You are a workstudy for the chemistry department. Your supervisor has just asked you to prepare 500mL of 3M HCl for tomorrow's undergraduate experiment. In the stockroom explorer, you will find a cabinet called "Stock Solutions". Open this cabinet to find a 2.0L bottle labeled "11.6M HCl". The concentration of the HCl is 11.6M. Please prepare a flask containing 500 ml of a 3 M (+/- 0.005M) solution and relabel it with its precise molarity. Note that you must use realistic transfer mode, a buret, and a volumetric flask for this problem. 
As a reminder, to calculate the volume needed to make a solution of a given molarity, you may use the following formula: 
C1V1 = C2V2

1. Calculations: (3 marks) 
C1V1 = C2V2
(11.6M)(V1) = (3M)(500ml)
11.6M V1 = 1500(M x ml) 
V1 = 129.31ml

Volume of HCl used: 129.31mL

2. How do you calculate your percent error?

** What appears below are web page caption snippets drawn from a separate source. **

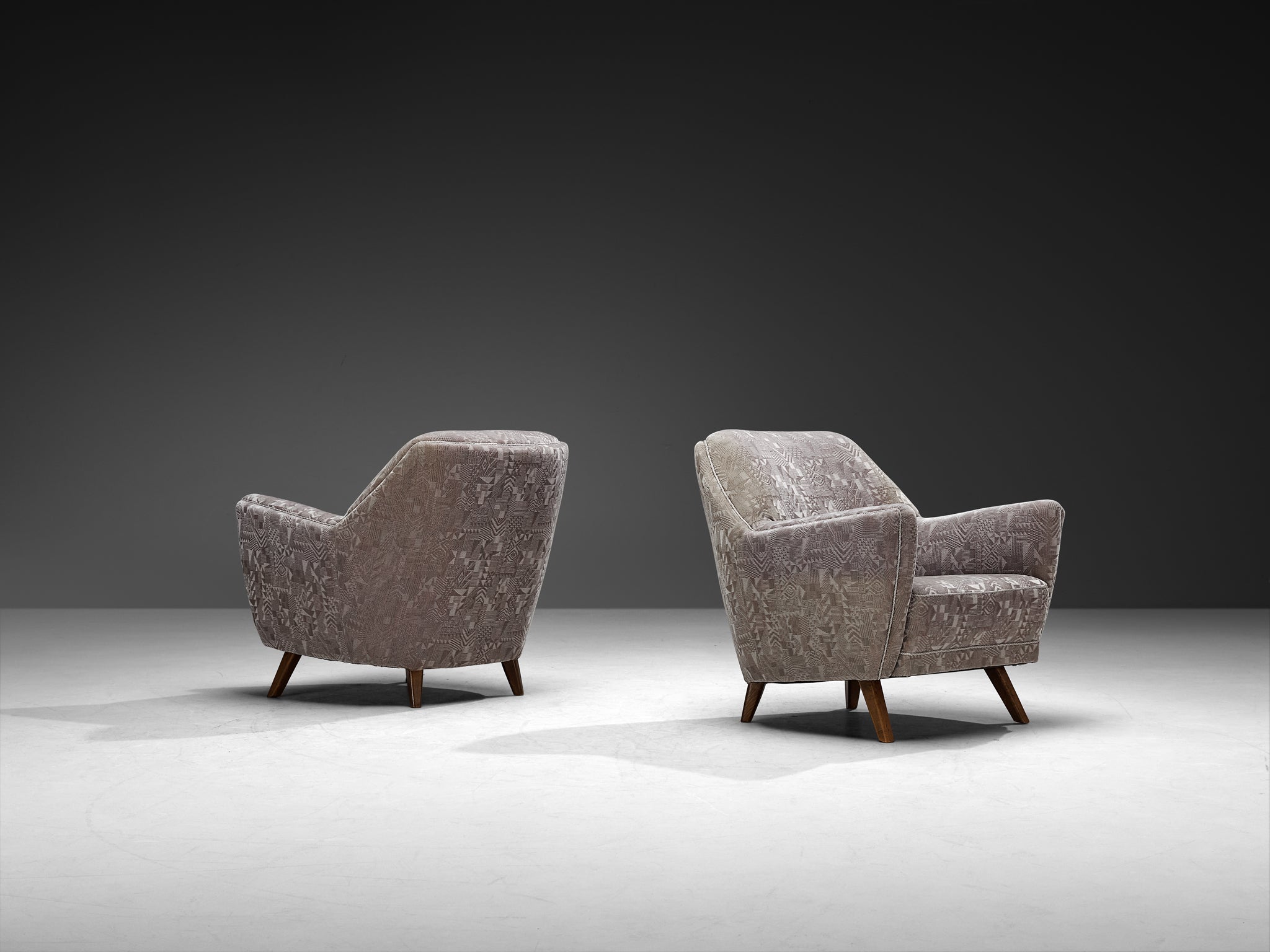 Set of Four 1950s Armchairs in Grey Geometric Velvet with Wooden Legs Seating Morentz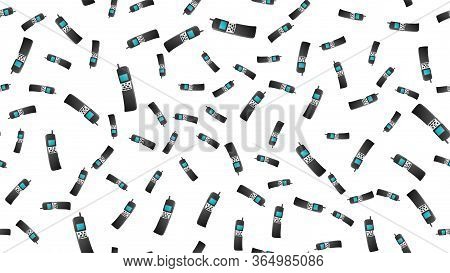 Seamless Pattern Of Retro Old Hipster Cell Mobile Phones From The 70s, 80s, 90s, 2000s On A White Ba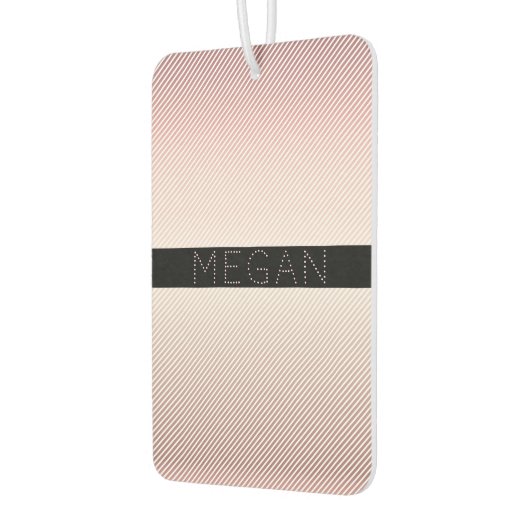 Jouw naam | Thin Roos Ombre & White Stripes Luchtverfrisser (Links)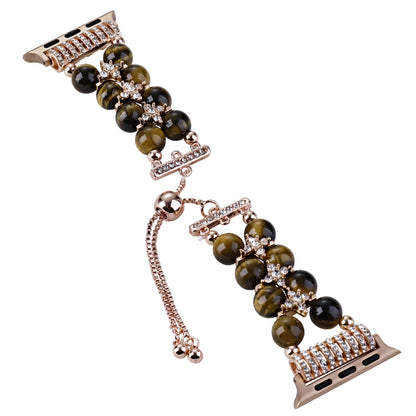 Double Row Beads Telescopic Chain Watch Band For Apple Watch Series 9&8&7 41mm / SE 3&SE 2&6&SE&5&4 40mm / 3&2&1 38mm(Tiger Eye) by bashfashion
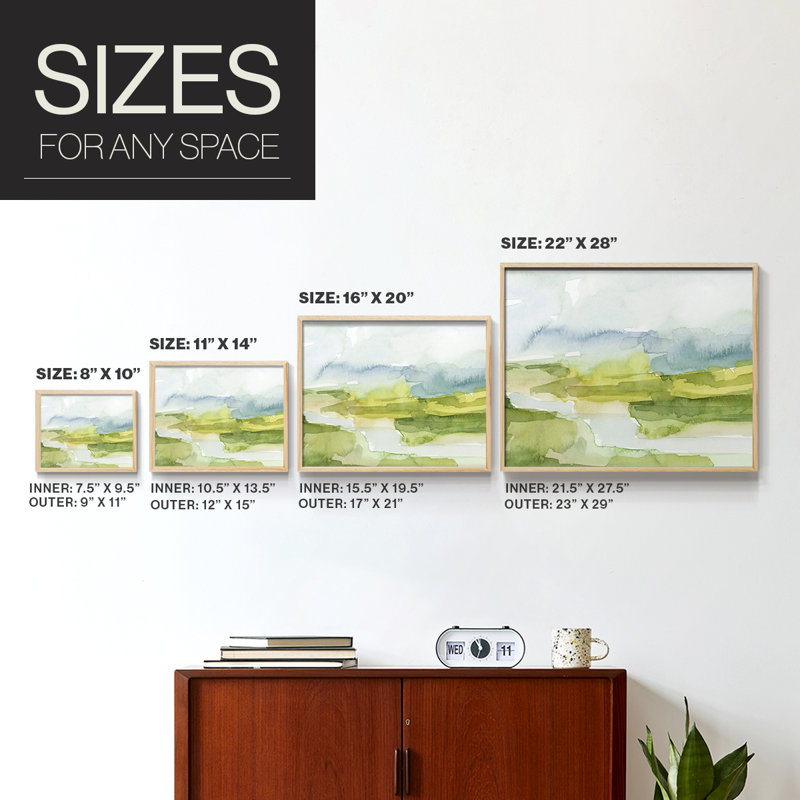 Watery Lowlands I - Reproduction encadrée - Restickable, Naturel, H 11 po x l 14 po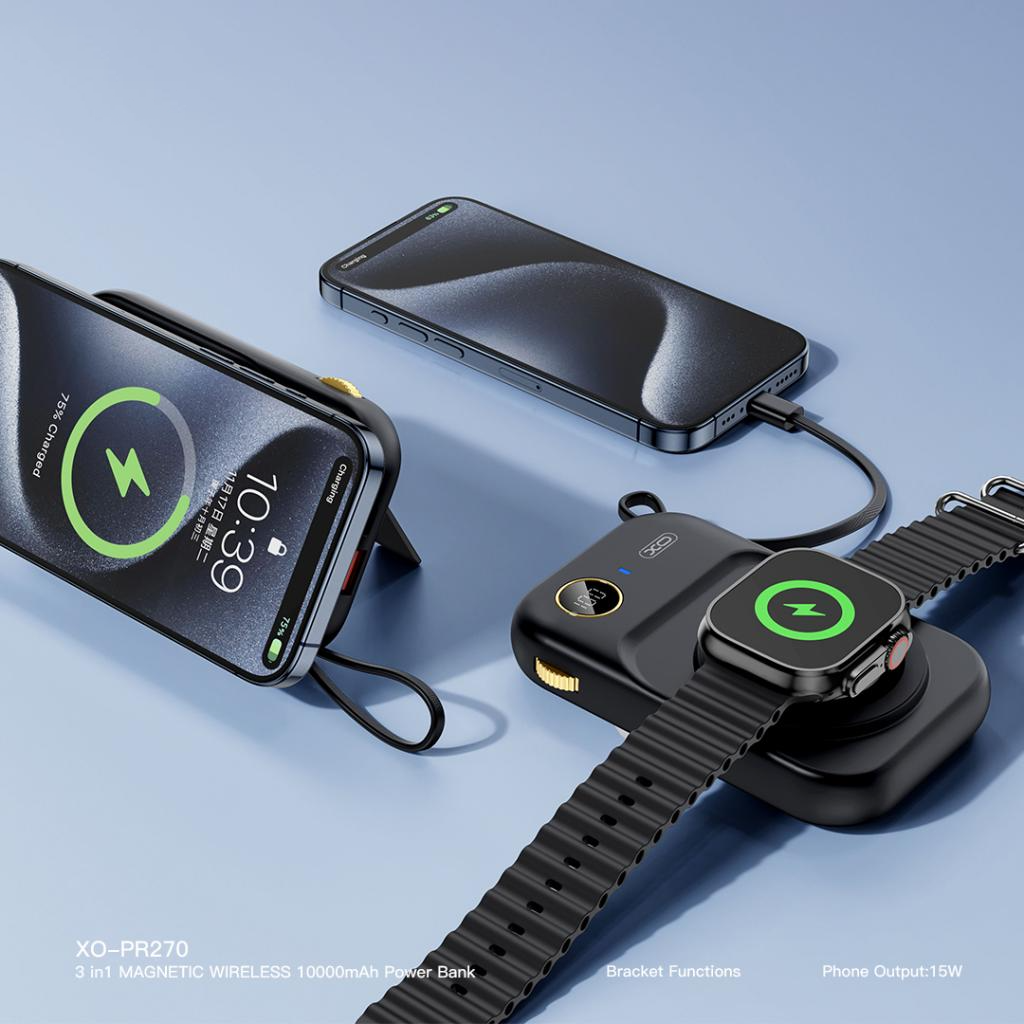 Vanjska baterija Wireless XO Design PR270, 10000mAh, 22.5W, QC + PD + QI, 1 x QI - 1 x USB-A - 1 x USB-C, Crna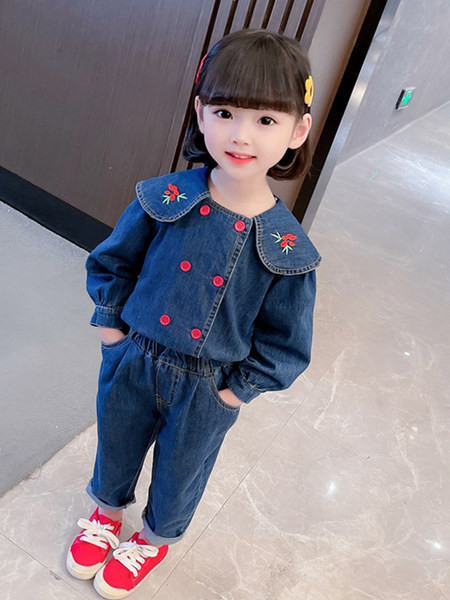 Set copii din denim cu broderie pentru fete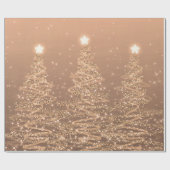 Kupfer Glitzer Weihnachtsbaumen Urlaub  Geschenkpapier (Flach)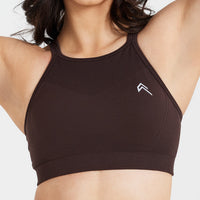 Effortless Seamless High Neck Bralette with White Logo | 70% Cocoa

% error = (experimental concentration – 3.0 M) / 3.0 M * 100, in absolute value.

Damon · Accepted Answer

You need1.5 mols of HCl

You have 11.6 mols per liter
1.5 /11.6 = .1293 liters of the strong stuff (agree with you)
add that to .5 - .1293 = .3707 liters of neutral water
and you have 0.5 Liters = 500 mL of 3M HCl

now you need to know that strong bottle with the 11.6 M percent error to get the error in your result I think but anyway what is your measurement error for the .1293 liters?
say for example it was .01 liters (10 mL)
then you would end up with .1393 liters of strong which would be 11.6 liters*.1393 mols/liter = 1.616 mols instead of 1.5 mols
that is 100 (1.616 - 1.5) /1.5 = 7.7 % error

DrBob222 · Answer

I don't see a question.
I don't see anything wrong with what you've done except you didn't explin how to prepare the solution.
You want to add the 129.31 mL of 11.6 molar solution to the 500 mL volumetric flask, add DI water to the mark on the flask, mix, stopper, label.
What you have labeled as absolute error actually is percent error since you have multiplied by 100.